Data
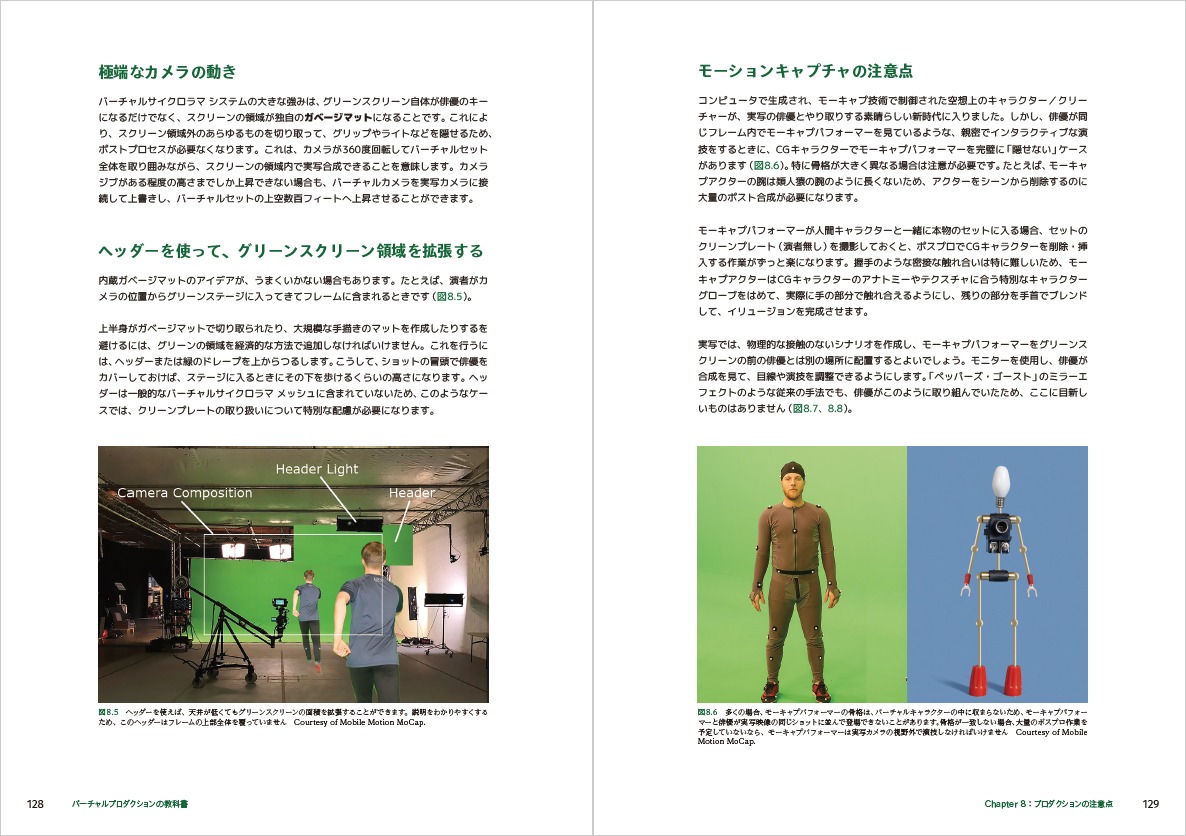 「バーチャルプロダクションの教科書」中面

---

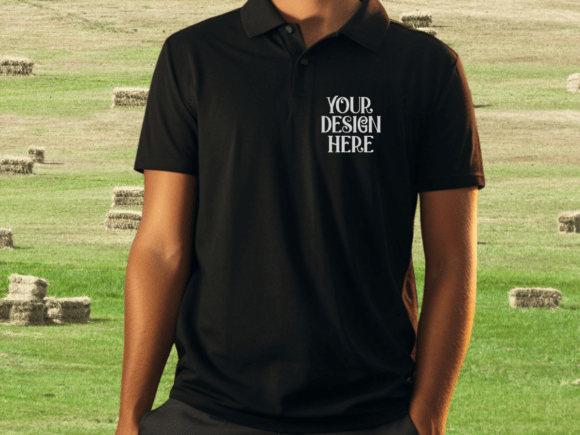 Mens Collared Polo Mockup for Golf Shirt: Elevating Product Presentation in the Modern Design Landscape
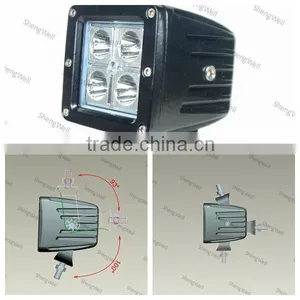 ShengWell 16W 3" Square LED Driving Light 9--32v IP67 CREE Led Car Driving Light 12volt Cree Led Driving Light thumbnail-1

==

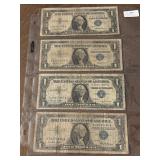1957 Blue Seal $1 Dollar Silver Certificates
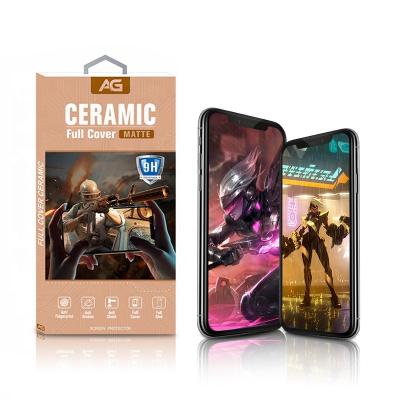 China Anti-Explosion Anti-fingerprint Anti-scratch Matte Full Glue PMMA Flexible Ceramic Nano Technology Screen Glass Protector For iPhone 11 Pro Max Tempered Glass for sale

Required work
Would you give again, exactly, the lines in the data above that run from the line containing "Mens Collared Polo" to the line containing "Driving Light thumbnail-1"? Include both ends and no pictures.

Task result
 Mens Collared Polo Mockup for Golf Shirt: Elevating Product Presentation in the Modern Design Landscape
 ShengWell 16W 3" Square LED Driving Light 9--32v IP67 CREE Led Car Driving Light 12volt Cree Led Driving Light thumbnail-1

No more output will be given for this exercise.